Next we use the rnorm() function in R to sample 1000 data points from a theoretical normal distribution with a mean of 2 and a standard deviation of 1.2. Using set.seed(99) allows you to sample the same data. Notice the sample mean and standard deviation are close to the “true” values used in the rnorm() function.
set.seed(99)
y <- rnorm(n = 1000, mean = 2, sd = 1.2)
mean(y)
[1] 1.971083
sd(y)
[1] 1.22742
Another way to estimate the sample mean and standard deviation is using a generalized linear model. This is not necessary or recommended, but we’ll use this as a way to present gamma regression.

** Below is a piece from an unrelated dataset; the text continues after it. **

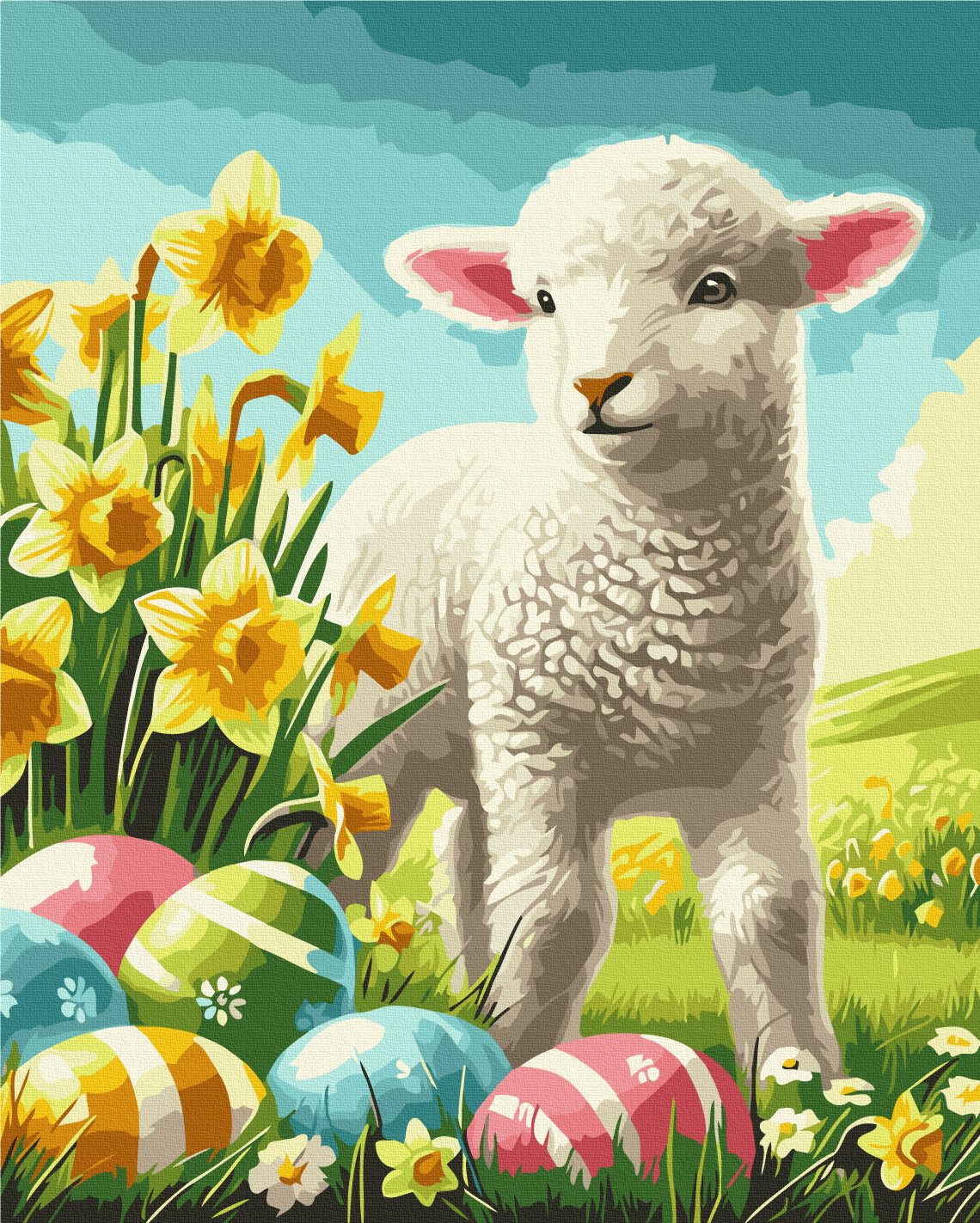 Painting by numbers Spring flowers and Easter eggs (BS54300)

To estimate the mean and standard deviation of our sample we can fit an intercept-only model with glm(). To fit an intercept-only model, we use the syntax y ~ 1. Since we want to model the data as if it came from a normal distribution, we set family = gaussian(link = "identity"). (Gaussian is another name for the normal distribution.) The link = "identity" portion means do not transform the results. We save the model as m1 and save the summary of the model as s1.
m1 <- glm(y ~ 1, family = gaussian(link = "identity"))
s1 <- summary(m1)
s1
Call:
glm(formula = y ~ 1, family = gaussian(link = "identity"))
Deviance Residuals:
Min 1Q Median 3Q Max
-3.6775 -0.8354 -0.0410 0.8674 4.3411
Coefficients:
Estimate Std. Error t value Pr(>|t|)
(Intercept) 1.97108 0.03881 50.78 <2e-16 ***
---
Signif. codes: 0 '***' 0.001 '**' 0.01 '*' 0.05 '.' 0.1 ' ' 1
(Dispersion parameter for gaussian family taken to be 1.506559)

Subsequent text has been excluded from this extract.